Fortress Press, Minneapolis, 2021, £13.99

This book is an argument for a particular method of preaching. Giver-Johnston sums it up halfway through the book as ‘…an extemporaneous method in which the sermon is carefully written, for the ear, but delivered orally without notes or text.’ (p 67). The structure is quite simple; the first two chapters build a case for the method and the last two chapters give lots of advice about how to do it. As this is a preaching method the author has used for many years there are lots of examples and anecdotes along the way. Packed into the short 127 pages is also one of the best overviews of preaching theory I have read. It is worth buying the book just for that.

 

It took me a while to get into the spirit of this argument. At first, I thought it was because of my scepticism about preaching without notes.
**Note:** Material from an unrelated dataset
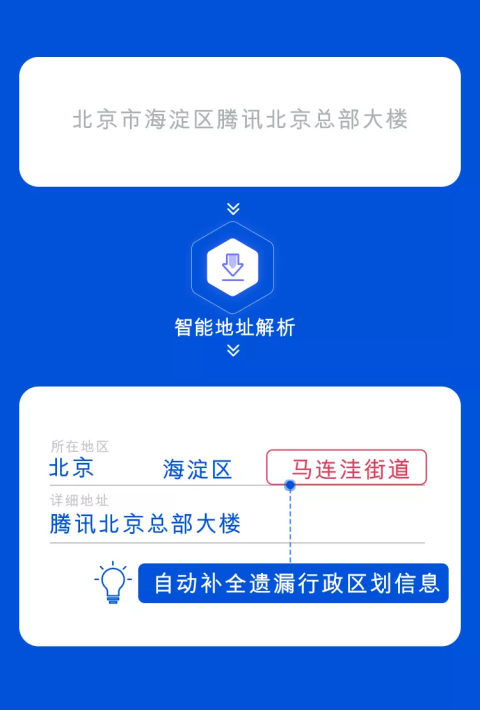 騰訊位置服務智能地址解析接口全新上線，助力物流行業(yè)降本增效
As I read more, I realised it was because I was having to do some heavy lifting work of cultural translation. My sense is that the argument that you write a sermon to be heard, rather than as an academic text on a page, is already won in the UK. We write and we speak, with or without notes of various kinds, in order to be listened to. This difference made some of the book heavy going, not least the bits about the theology of communication as incarnational. Furthermore, some of the practical advice needs some translation. I can’t imagine being able to get into any UK church three hours before the service to spend an hour by myself rehearsing a sermon!

 

Having said that, this is a great book for some really helpful advice about writing, but more importantly about how to embody and perform a sermon in order to connect people with the hints of the divine that you have encountered during your preparation.